Kyle Chesnut gave the talk “Spatially and Temporally Chirped Beams: The Single Aperture Path to Exawatt Peak-Power Lasers,” discussing a path to exawatt scale lasers via chirped pulse juxtaposed with beam amplification (CPJBA). Kyle also authored the poster “Amplitude Neutral Temporal Electric-field Autocorrelator with Exquisite Resolution (ANTEATER)“, which was co-authored and presented by Haytham Effarah. This poster presented a novel amplitude balanced and dispersion compensated interferometric autocorrelator, used to measure the durations of ultrafast light pulses, that was designed and built in the Barty Lab.
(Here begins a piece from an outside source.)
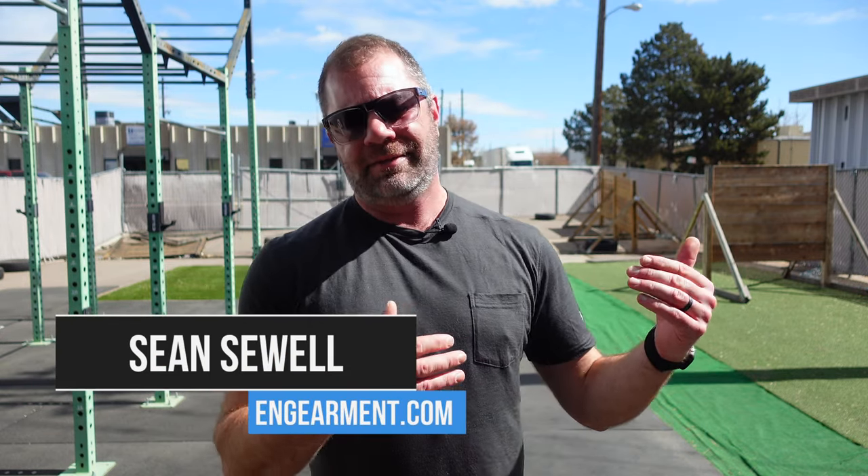Sean Sewell with ingearmut.com, in the back of our awesome gym, Existence Athletics, here in Denver, Colorado on a sunny day. Testing out Costa's very new Ponch XL with gradient lenses — it's the first offering I've seen of the gradient lenses, so I got myself a pair and I'm going to show you all about them in this review.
Trevor Reutershan presented the poster “Path to 100 fs multi-MeV gamma rays from extremely brilliant Compton sources,” which is about how Extremely Brilliant Compton Scattering can be used to generate sub-100 fs, MeV scale pulses of light. Michael Seggebruch presented the posters “Shorter Duration Ultrafast Electro-optic Frequency Combs via Multi-Wavelength Seeding” and “Synthesis of Multi-GHz Ultrafast Pulse Trains via Harmonic Bandwidth Broadening of Electro-Optic Frequency Combs,” both of which present methods for generating shorter duration pulses from Multi-GHz electro-optic frequency combs. Eric Nelson presented the poster “Space-Time Correlated Foci of Exotic Spatially Chirped Femtosecond Beams,” which discusses the foci of exotic spatially chirped beams and their practical implementations.